Work instruction:
Pictures stay out of the output. Return exactly the lines below from the one with "an empty desert" down to the one with "Ένα ή περισσότερα", both included, and nothing more.

Listed entries Block Start

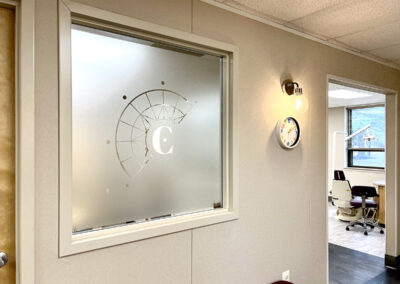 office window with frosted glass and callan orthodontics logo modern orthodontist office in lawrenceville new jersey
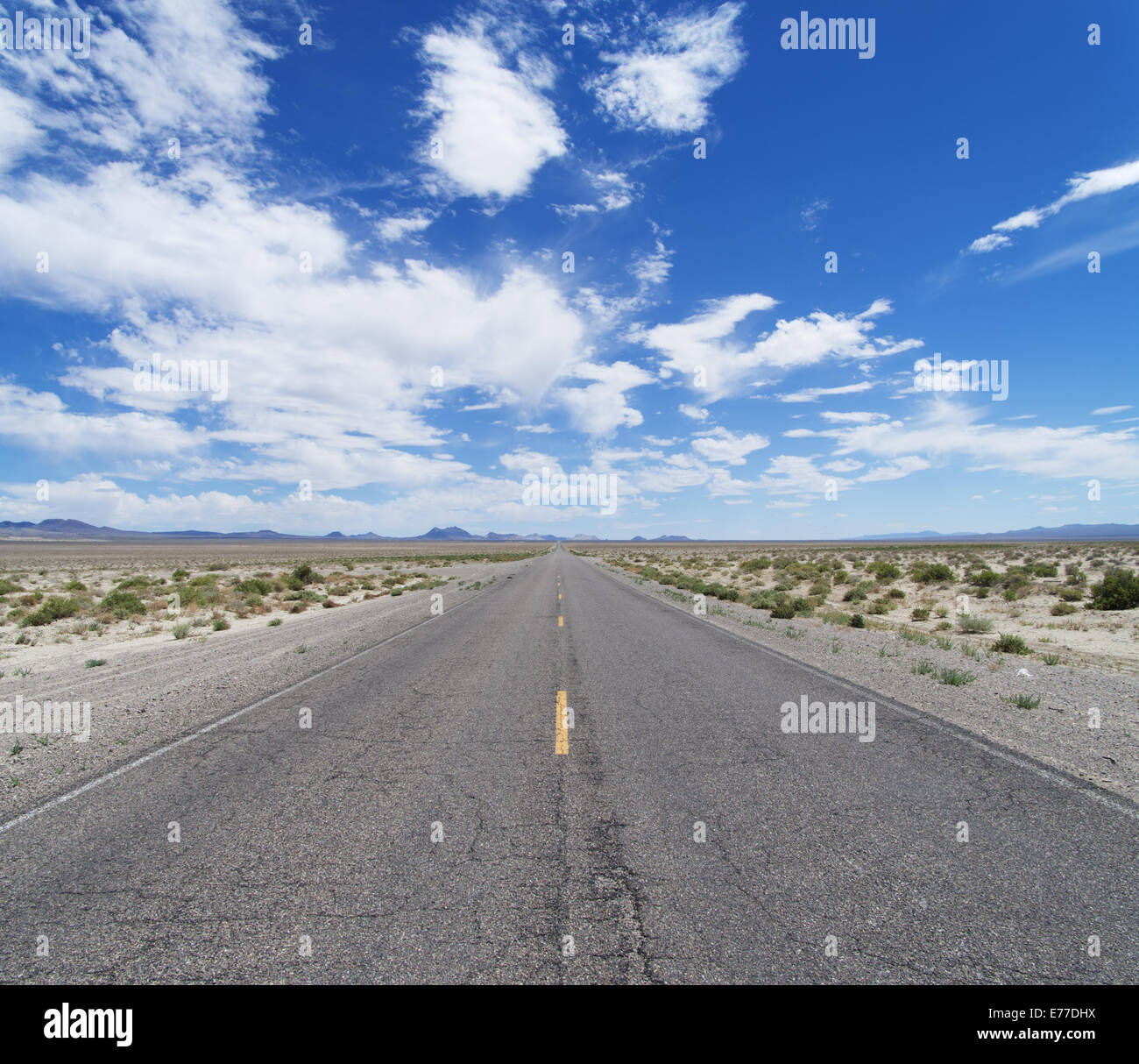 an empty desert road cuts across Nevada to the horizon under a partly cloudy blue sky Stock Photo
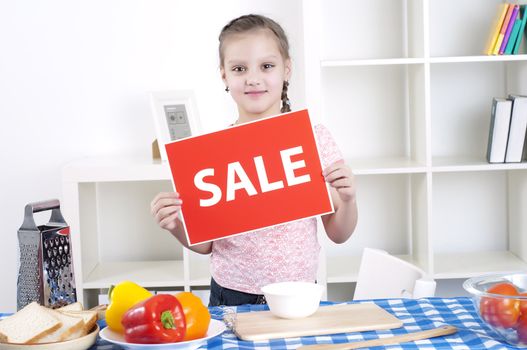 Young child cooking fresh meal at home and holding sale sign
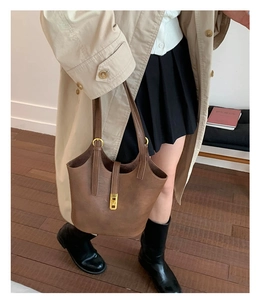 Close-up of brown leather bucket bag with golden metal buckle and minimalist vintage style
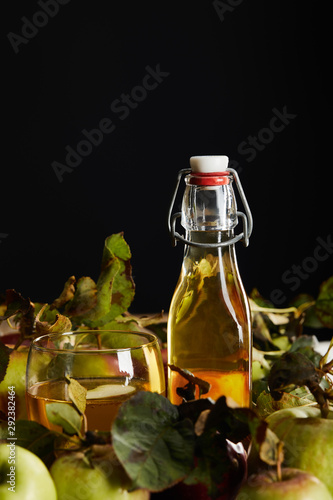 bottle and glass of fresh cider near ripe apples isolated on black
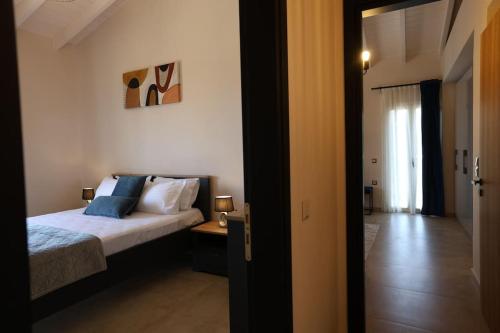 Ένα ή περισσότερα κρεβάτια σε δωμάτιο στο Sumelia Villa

Listed entries Block End
Listed entries Block Start

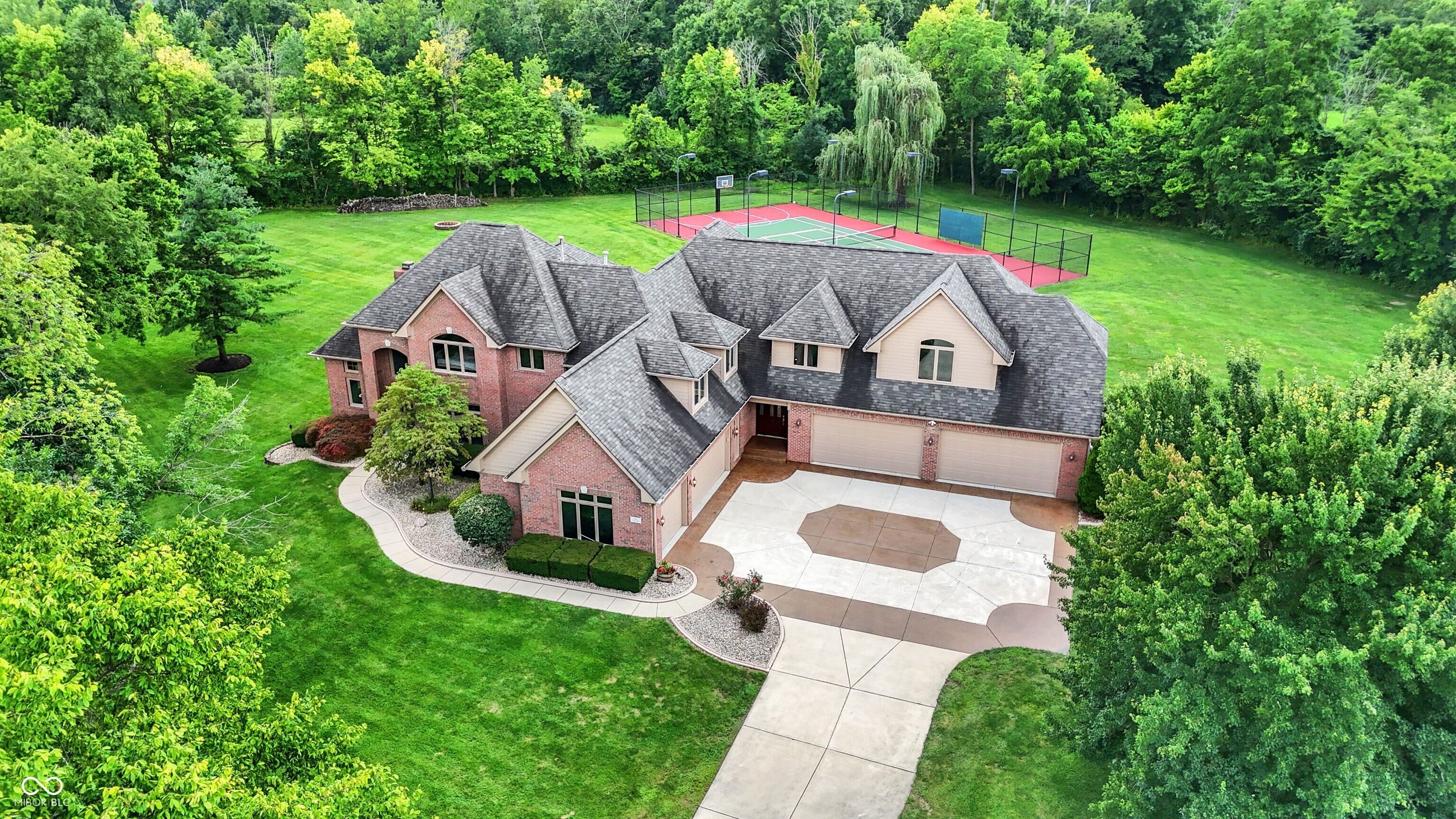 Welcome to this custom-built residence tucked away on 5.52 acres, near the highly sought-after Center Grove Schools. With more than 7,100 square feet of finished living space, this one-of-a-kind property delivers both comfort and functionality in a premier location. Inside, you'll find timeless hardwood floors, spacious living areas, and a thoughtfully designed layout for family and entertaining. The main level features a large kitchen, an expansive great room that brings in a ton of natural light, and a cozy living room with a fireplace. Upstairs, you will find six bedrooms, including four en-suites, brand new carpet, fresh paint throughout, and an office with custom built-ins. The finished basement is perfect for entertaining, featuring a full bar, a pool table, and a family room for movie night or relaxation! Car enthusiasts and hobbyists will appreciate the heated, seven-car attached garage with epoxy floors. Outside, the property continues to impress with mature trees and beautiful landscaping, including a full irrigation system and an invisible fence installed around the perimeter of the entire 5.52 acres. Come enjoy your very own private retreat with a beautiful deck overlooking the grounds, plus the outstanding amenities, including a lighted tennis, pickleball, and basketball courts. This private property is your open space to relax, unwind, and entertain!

Listed entries Block End

Solution to the problem:
 an empty desert road cuts across Nevada to the horizon under a partly cloudy blue sky Stock Photo
 Young child cooking fresh meal at home and holding sale sign
 Close-up of brown leather bucket bag with golden metal buckle and minimalist vintage style
 bottle and glass of fresh cider near ripe apples isolated on black
 Ένα ή περισσότερα κρεβάτια σε δωμάτιο στο Sumelia Villa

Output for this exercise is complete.